La
memoria dei nomi svapora, ma resta il ricordo di cibi buoni e spettacolari
panorami. Perché alla fine resta quello che conta e i nomi sono lì per volare
via nel vento che spazza l’oceano e risale per giocare con i ciuffi di sterpi
che tengono stretta la roccia perché non ceda alla tentazione e si tuffi in
quel mare che spiega che cosa sia il blu, concorrendo con il cielo in una gara
a stendere i colori più intesi che tu abbia mai visto.
Siamo
a Big Sur, sulla strada che cola giù da Frisco via Monterey e rotola
accarezzando il mare fino a Los Angeles, altro mondo, più modaiolo quanto qui è
rude e intellettuale, di quella scienza applicata che ha generato la Silicon
Valley che qui si nasconde dietro la prima fila di montagne.
La
strada che qui costeggia l’oceano che rugge, ma pacato, quasi per prenderti in
giro, sembra uscita da un film. O forse è il film che c’è entrato dentro e non
ne è più uscito. Sculetta allegra e sbarazzina, decisamente maliziosa mentre ti
invita a percorrere sempre un
miglio in più, e ti ubriaca e alla fine ne
resteresti così prigioniero da non sapere più dove sei né perché ci sei e tutto
svaporerebbe in una follia da eccesso di bellezza.
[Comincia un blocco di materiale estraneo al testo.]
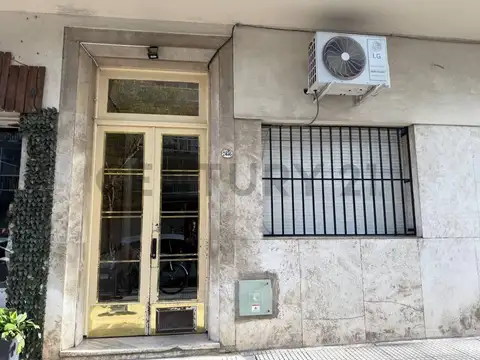 Venta departamento de 2 amb. a metros de Av. San Martin.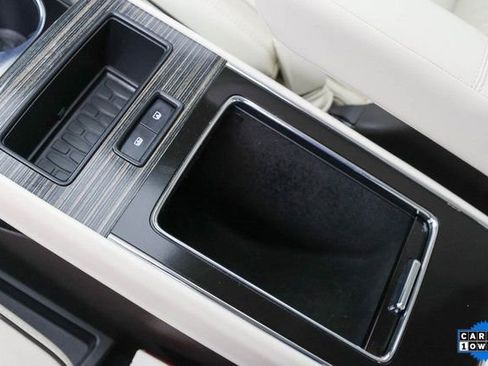 Used 2023 Lincoln Aviator Black Label w/ Class IV Trailer Tow Package image 23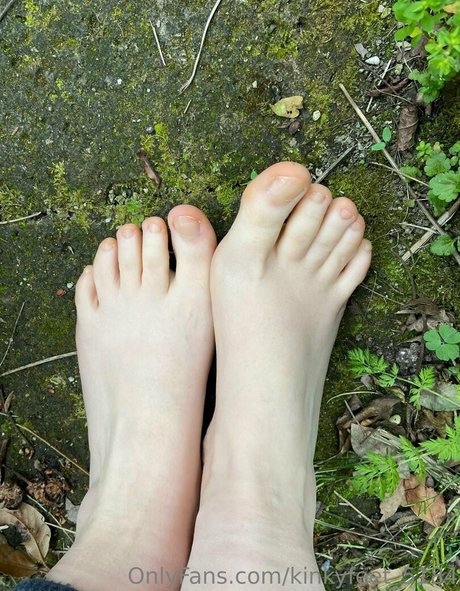 kinkyfeet 5184 onlyfans leaks.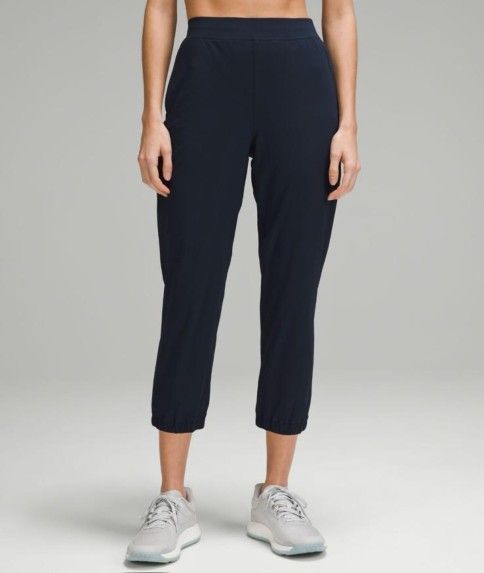 Lululemon Adapted State HR Cropped Jogger, True Navy Size 10 ( Brand New)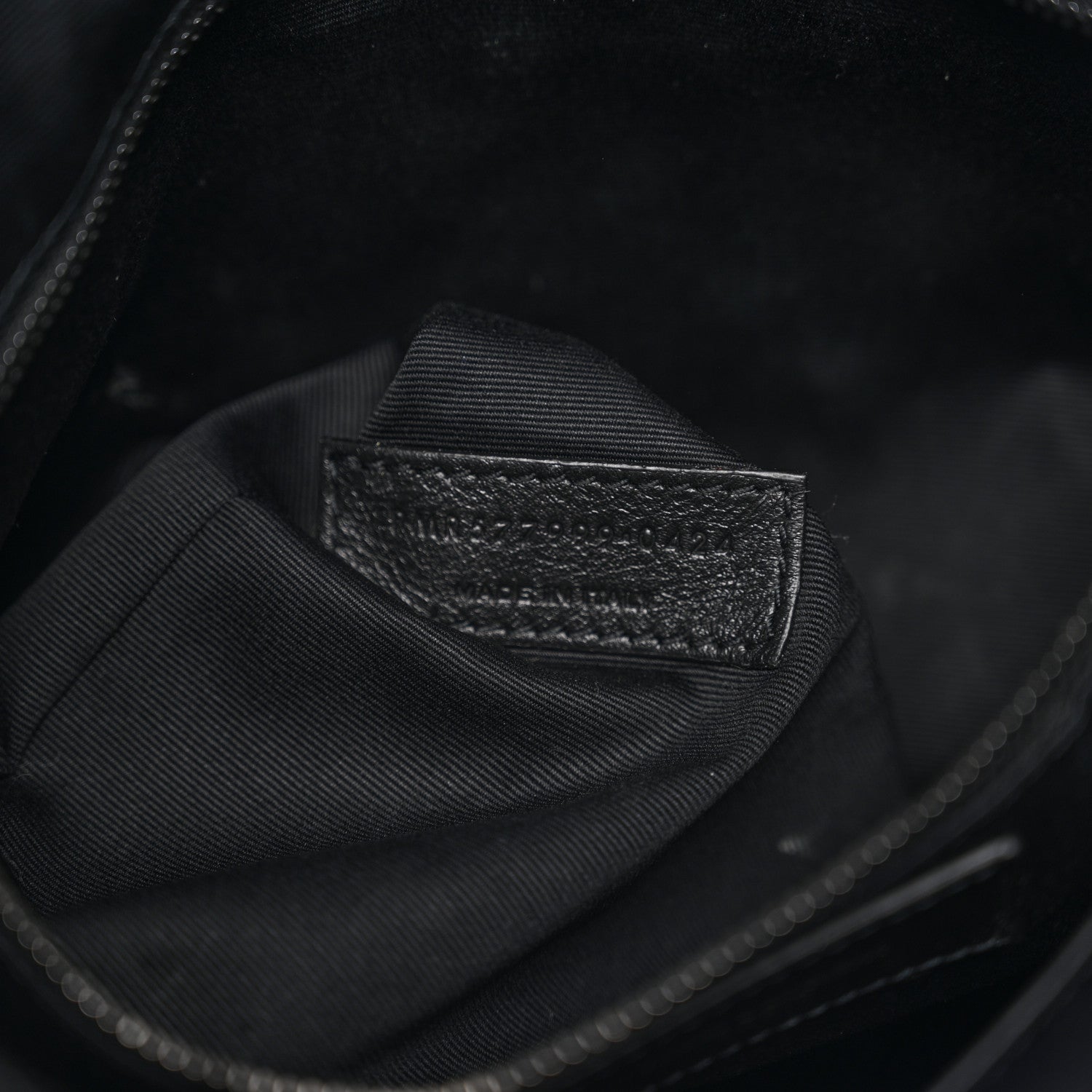 Saint Laurent Crinkled Calfskin Matelasse Monogram Medium Niki Shopper Tote Black 7 of 13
Ecco, deve aver visto una
cosa del genere kant quando gli è venuta ‘st’idea del Sublime ch’è una bellezza
così violenta che non può non condurti a Dio.
Troviamo
la forza di fermarci, e non sapremo mai cosa c’è dietro quella curva che invita
e tenta.
Pranziamo sulla scogliera, vista paradiso. E ci fanno la foto due buffi americani che si mostrano
Ci chiedono di ricambiare il favore. E come te lo dimentichi un ristorante così che ti spalanca il cielo e lo confonde col mare e con l’amore che tutto fa rima. E ti ricorda che la bellezza vera è quella di stare con lei. Ancora e ancora.
Per
forza poi che ti dimentichi del nome del locale!
Nota:
lo so, si dice ruggisce, ma se rugge l’ha usato Foscolo posso usarlo anche io.